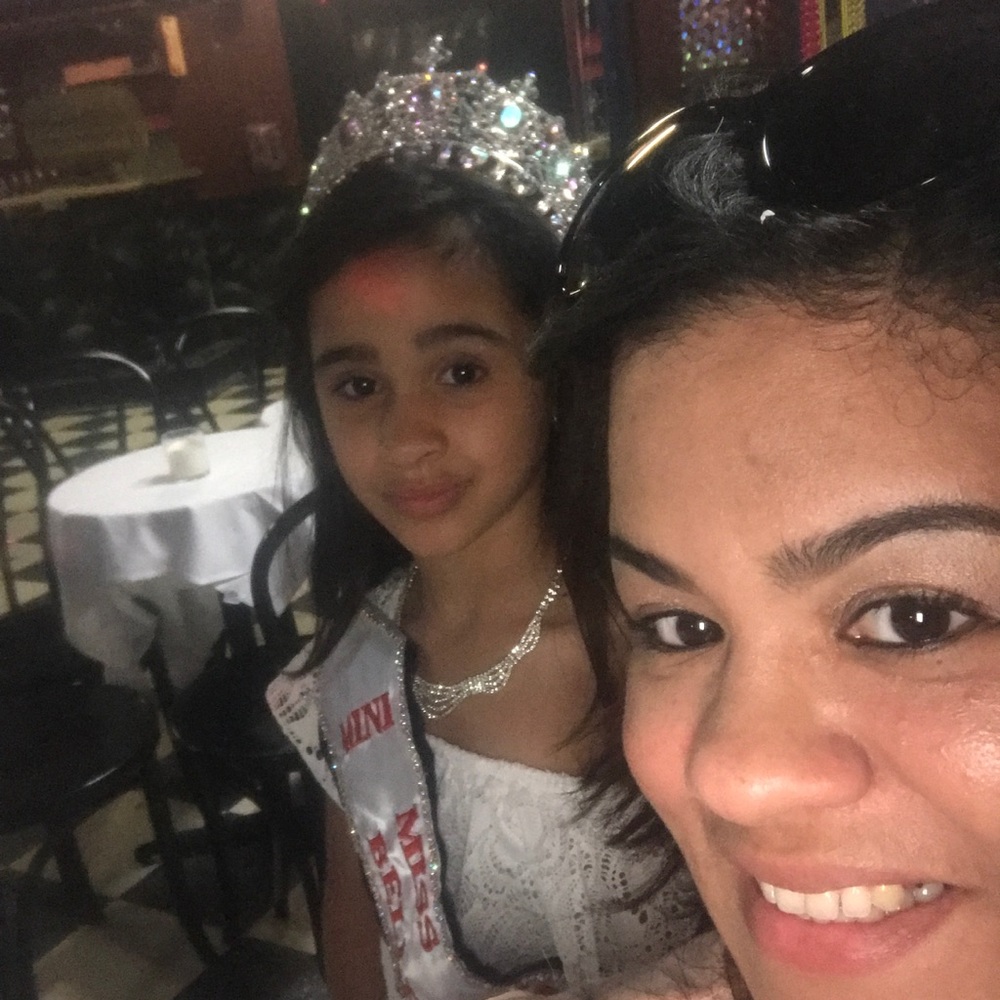 Meet your Posher, Kenyiria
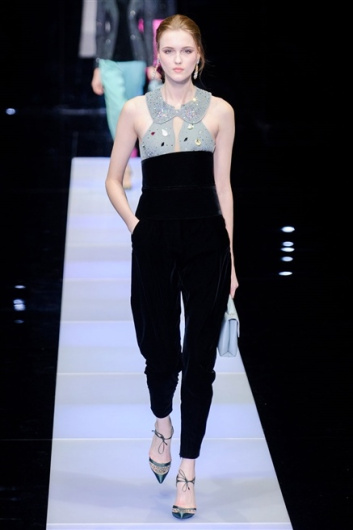Fotoservizio/FW 2015-2016/WOMEN/GIORGIO ARMANI/DP1/51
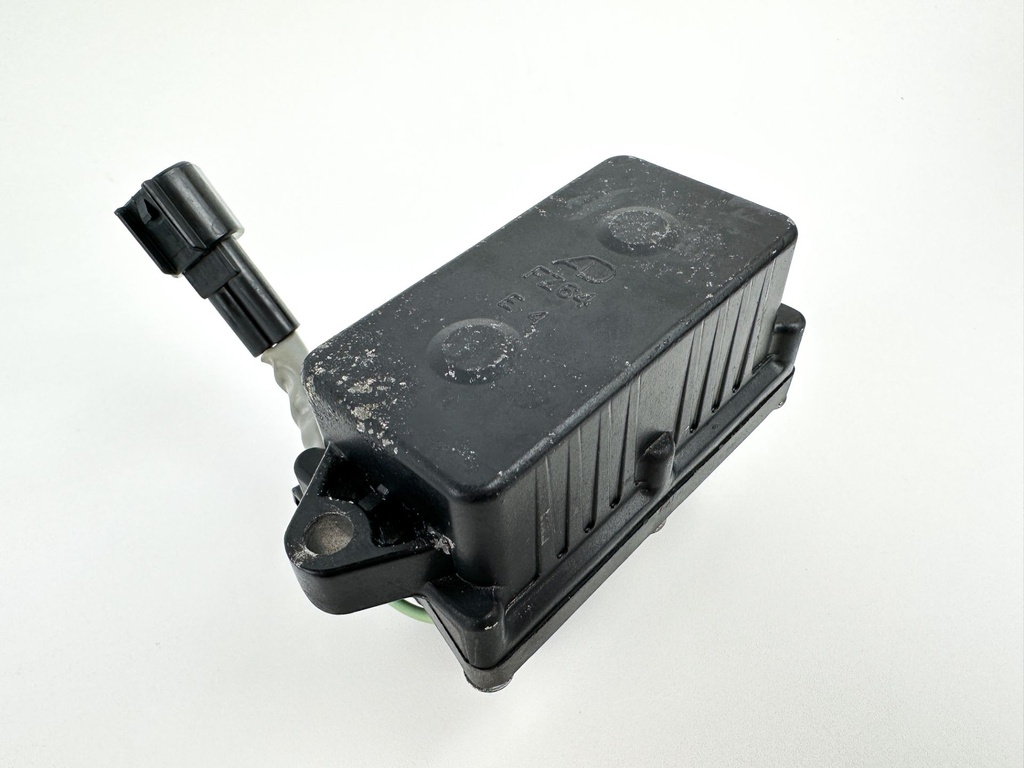 2004 Yamaha 90 HP 2 Stroke Outboard Trim Tilt Relay 61A-81950-00-00 OEM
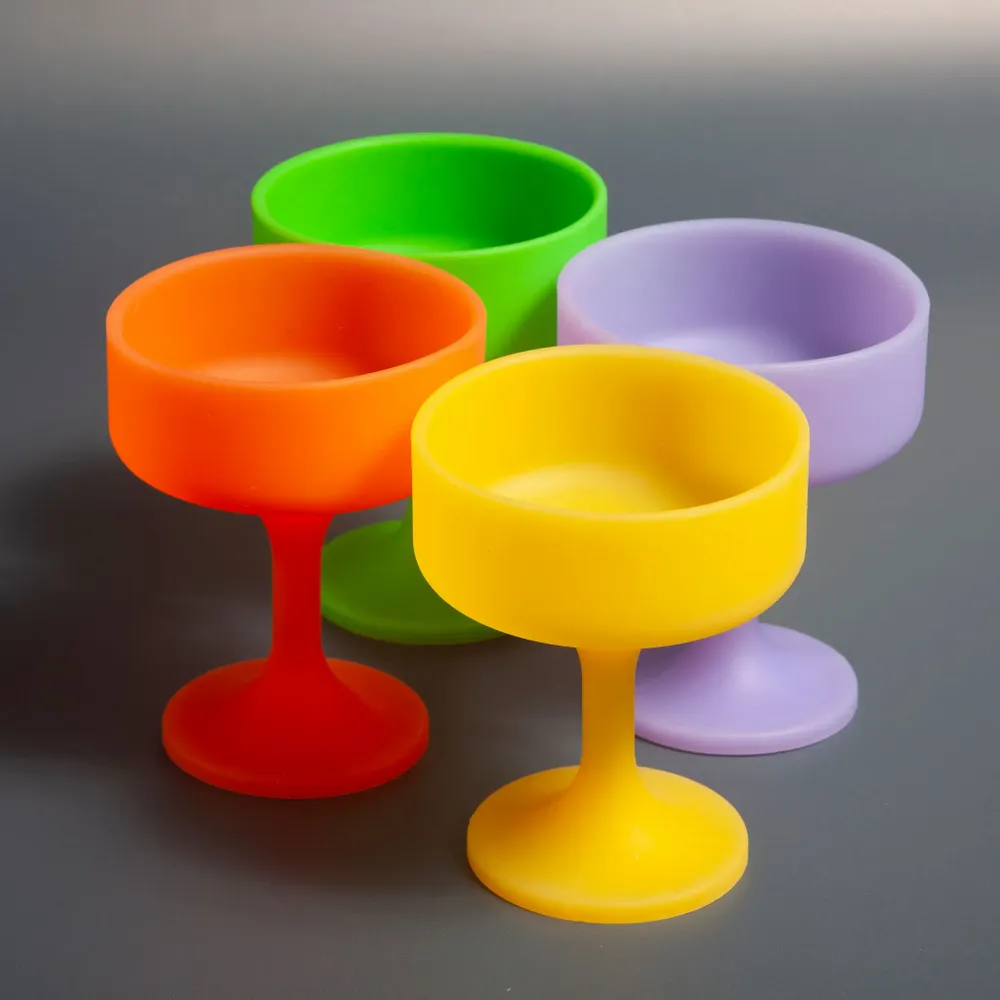 Piscines extérieures - MECC - coupes à cocktail incassables en silicone - PORTER GREEN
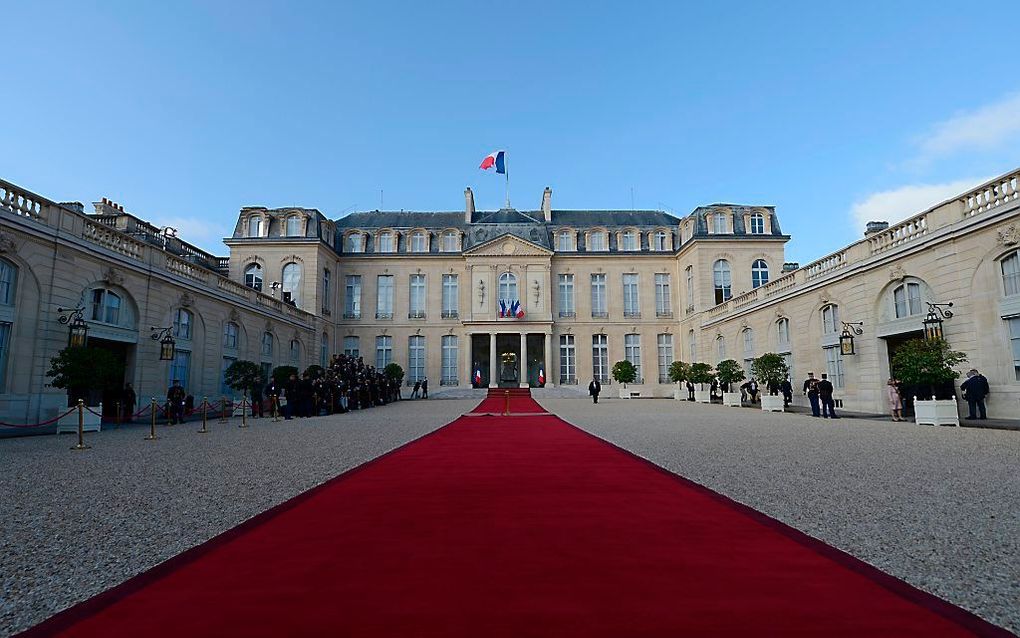 PARIJS. Na de Franse verkiezingen van zondag is bekend wie zijn intrek in het Elysée gaat nemen: Emmanuel Macron. beeld AFP, Eric Feferberg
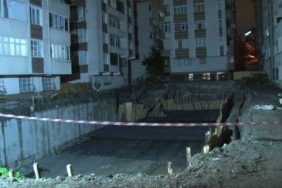 Küçükçekmece’de toprak kayması: Bir bina tahliye edildi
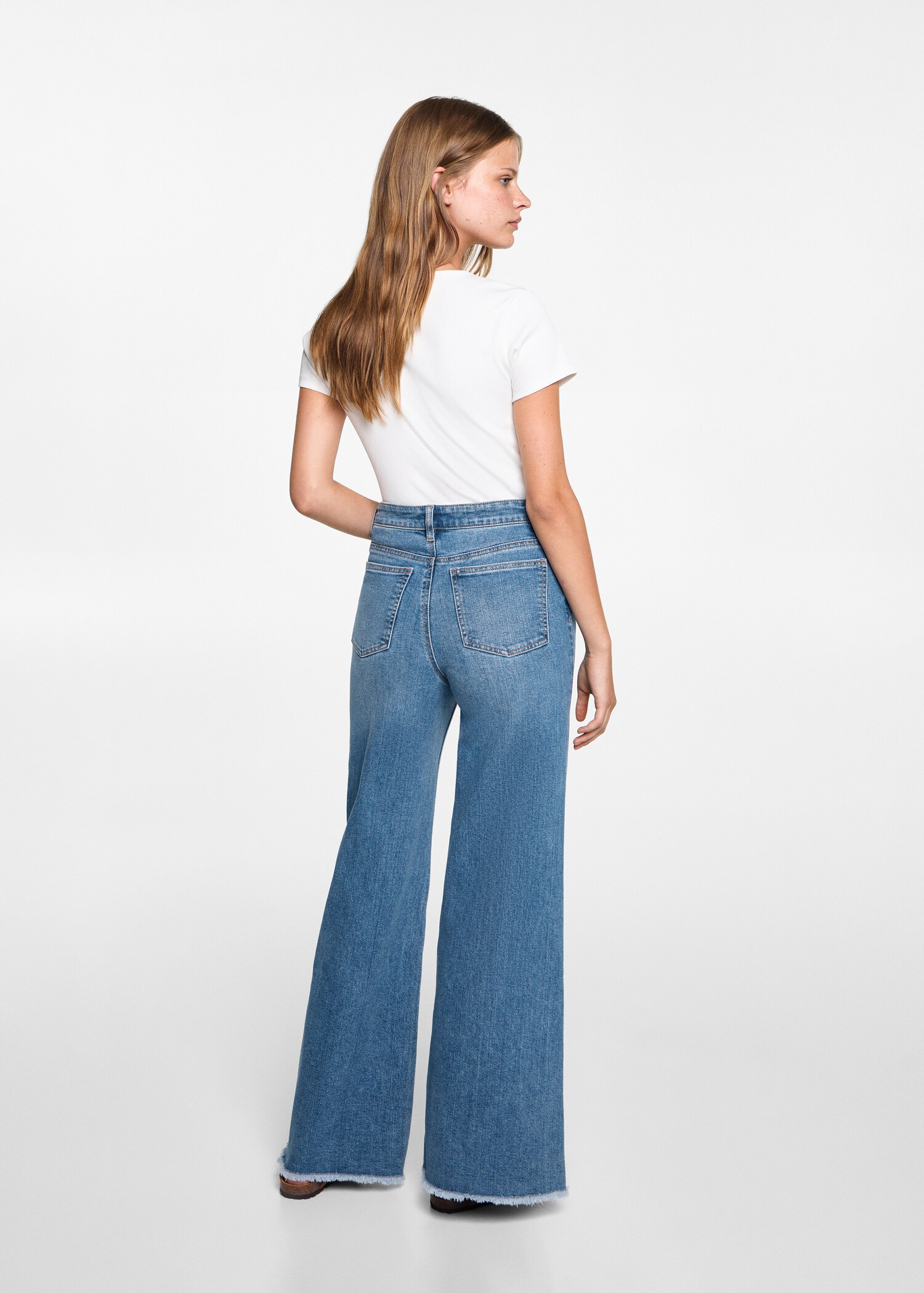 Ausgestellte Jeans - Rückseite des Artikels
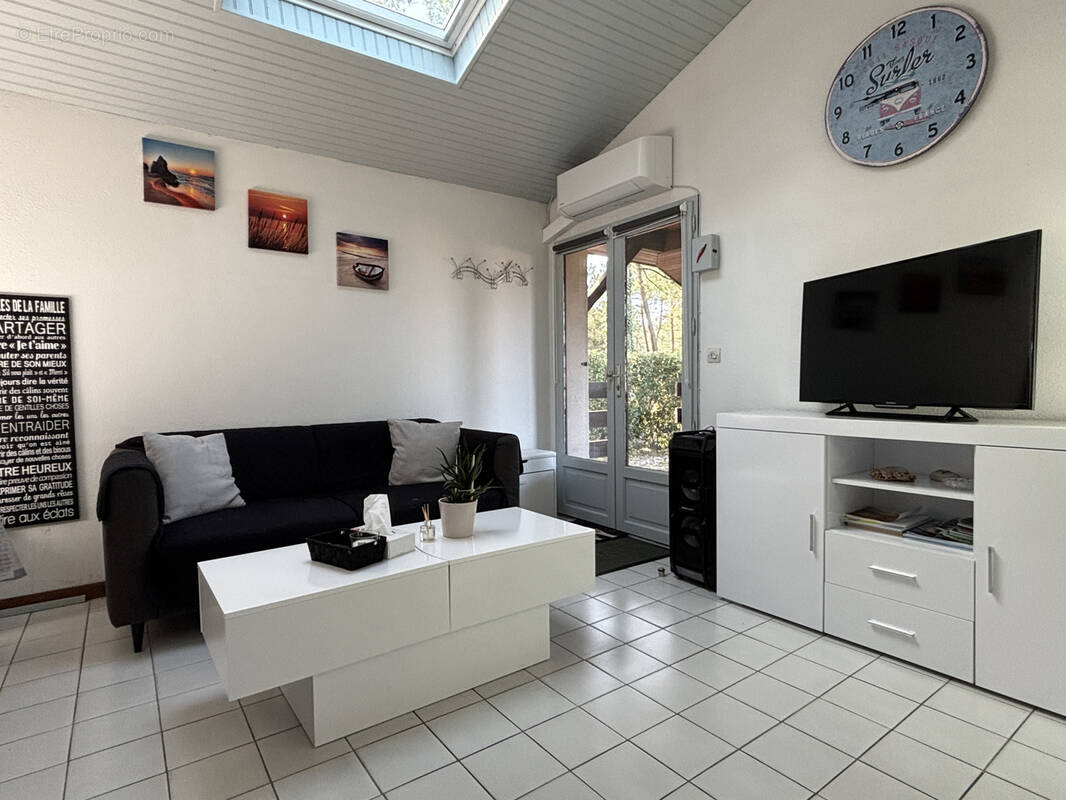 Maison à MOLIETS-ET-MAA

- _Your instructions_
Transcribe every line of the records exactly. Pictures do not belong in the copy.

- _Your solution_
 Meet your Posher, Kenyiria
Fotoservizio/FW 2015-2016/WOMEN/GIORGIO ARMANI/DP1/51
 2004 Yamaha 90 HP 2 Stroke Outboard Trim Tilt Relay 61A-81950-00-00 OEM
 Piscines extérieures - MECC - coupes à cocktail incassables en silicone - PORTER GREEN
 PARIJS. Na de Franse verkiezingen van zondag is bekend wie zijn intrek in het Elysée gaat nemen: Emmanuel Macron. beeld AFP, Eric Feferberg
 Küçükçekmece’de toprak kayması: Bir bina tahliye edildi
 Ausgestellte Jeans - Rückseite des Artikels
 Maison à MOLIETS-ET-MAA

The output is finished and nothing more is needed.